Our faith, rooted in both Abrahamic and Dharmic traditions, teaches us that Love is not passive. Love is not silence. Love does not dwell in complicity. Love is fierce, demanding, justice-making. The prophets cry out: “What does the Lord require of you but to do justice, love kindness, and walk humbly with your God?” The Buddha teaches: “Hatred does not cease by hatred, but only by love; this is the eternal law, the Dhammapada.” These voices, across time and tradition, declare the same truth: Love is what justice looks like in public.
Humanists teach us that change must come from us, no one is coming to save us—and so we must forge a love that is not sentimental but demands that we act to protect the vulnerable, dismantle systems of harm, and seek justice in the public square.
When we center Love, we cannot be indifferent to a culture that prizes weapons over children, domination over democracy, fear over belonging, and profits over the cries of the people. Centering Love means resisting the normalization of violence in our schools, streets, and political life. It means lifting our voices, gathering the masses, voting with our conscience, and rising up to protect those who are most at risk.
Our faith does not allow us to retreat into despair. The prophets, sages, and saints remind us that violence will not have the last word. Love, lived fully and courageously, disrupts cycles of fear and plants seeds of peace, beaconing our aspiration, Beloved Community.
This is not a matter of politics—though politics might be a tool to get there. This is not a matter of capitalism, but capital might be a tool used to get there. I declare to you that it is a matter of faith. And faith will be the foundation of the road forward.
When lives are on the line, neutrality is not holiness. Silence is not compassion. We are called to raise our voices, to organize, to vote, to march, to protect, to gather our siblings to mourn the loss of life, to demand that our laws and communities reflect Love instead of violence.
My dear aspiring Beloved community, let us not shrink from this call. Let us teach our children another way. Let us show up in the streets and at the ballot box. Let us refuse to be numbed into despair. The world aches for a Love that can heal and transform, and we are called to be its bearers.

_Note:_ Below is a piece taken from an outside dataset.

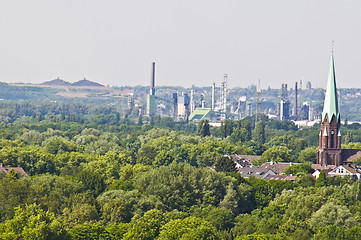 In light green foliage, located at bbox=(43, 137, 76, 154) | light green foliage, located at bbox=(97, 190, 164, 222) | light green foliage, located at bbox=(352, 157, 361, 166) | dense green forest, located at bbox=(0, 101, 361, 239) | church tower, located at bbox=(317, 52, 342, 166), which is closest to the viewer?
dense green forest, located at bbox=(0, 101, 361, 239)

For violence will not have the last word. Love will!
May our congregation be a place where Love is not only spoken but embodied—where we teach our children and our parents another way, where we work for policies that protect life, where we stand shoulder to shoulder with all who seek to end the epidemic of violence beyond partisan politics.
Wednesday, September 17 at 7:30pm we will gather at the Peace Pole to discern three next steps. I hope you’ll join us!
For in the end, to center Love is to say with our whole being: every child, every neighbor, every stranger has inherent worth and is precious and worthy of life without fear.